Work request: Extract the line that contains "Аренда помещения свободного" and every line after it through the end of the records below, exactly as written, leaving out any pictures.

Supplied material:
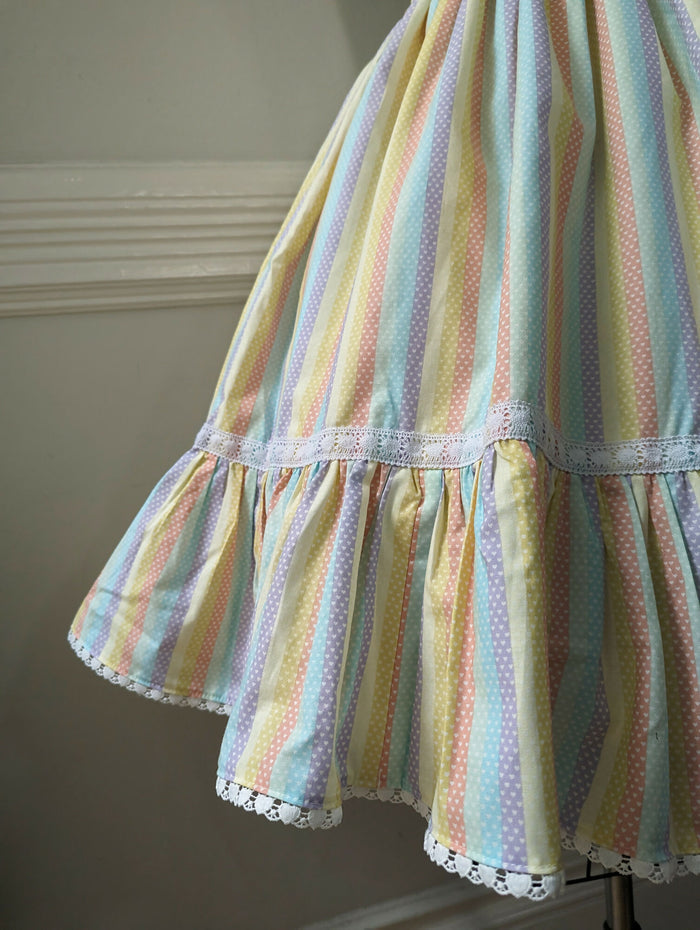 Pastel Pride Skirt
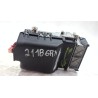 Recambio de caja reles / fusibles para opel insignia a (g09) 2.0 cdti (68) referencia OEM IAM 13222786  
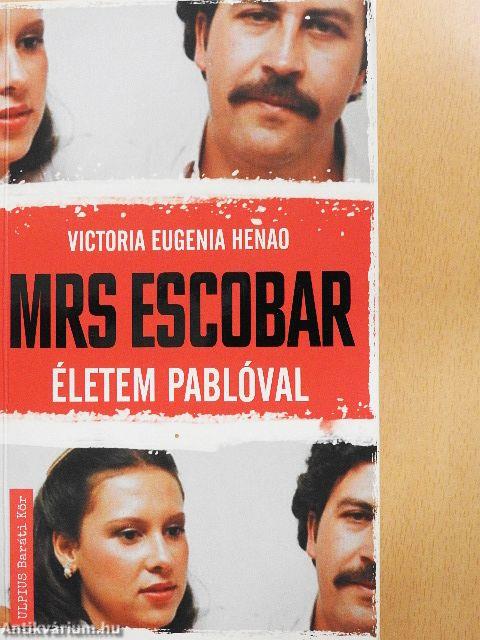 Mrs Escobar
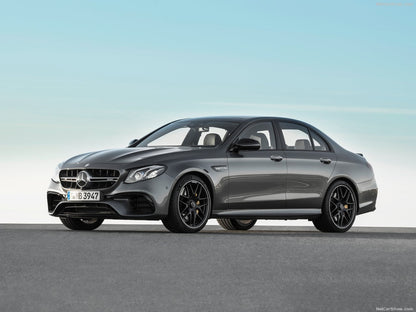 SIDE SKIRTS suitable for MERCEDES W213 E-CLASS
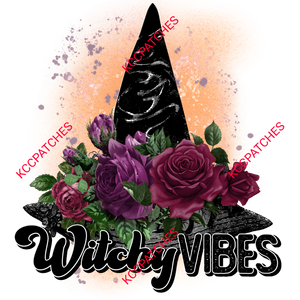 Witchy Vibes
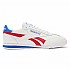 [해외]리복 CLASSICS Campio XT 운동화 141493592 White / Vectorred / Optimum Blue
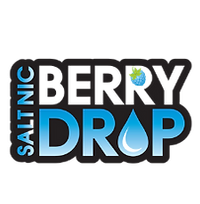 Berry Drop Nic Salt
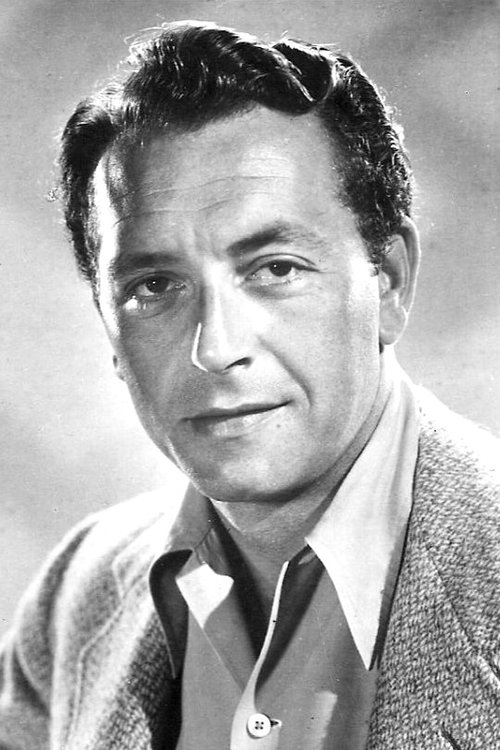Paul Henreid as Victor Laszlo
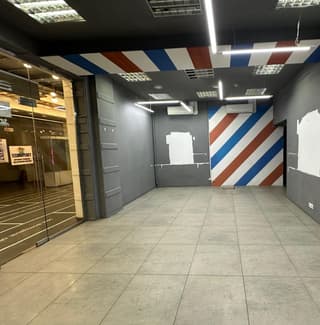 Аренда помещения свободного назначения 35,2 м², Ленинградский просп., 80к17, фото 4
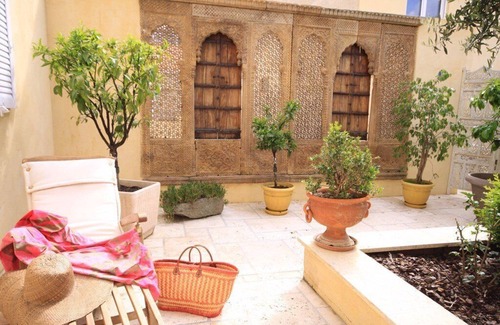 Propriano Apartment | Discover MASCAT - CASA SULTANA with Oceanfront Views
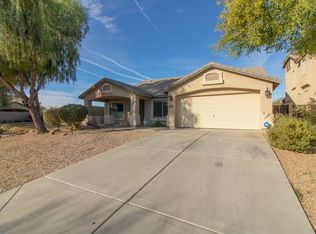 29046 N Lazurite Way, San Tan Valley, AZ 85143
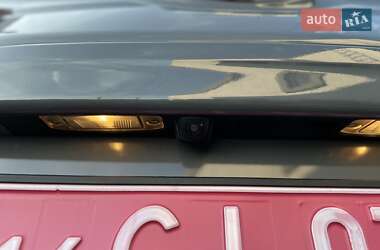 Позашляховик / Кросовер Hyundai Kona 2020 в 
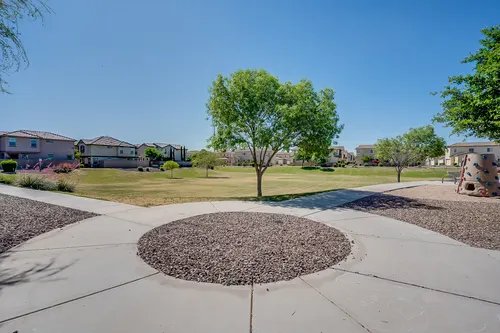 La Aldea in Gilbert, Arizona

Answer section:
 Аренда помещения свободного назначения 35,2 м², Ленинградский просп., 80к17, фото 4
 Propriano Apartment | Discover MASCAT - CASA SULTANA with Oceanfront Views
 29046 N Lazurite Way, San Tan Valley, AZ 85143
 Позашляховик / Кросовер Hyundai Kona 2020 в 
 La Aldea in Gilbert, Arizona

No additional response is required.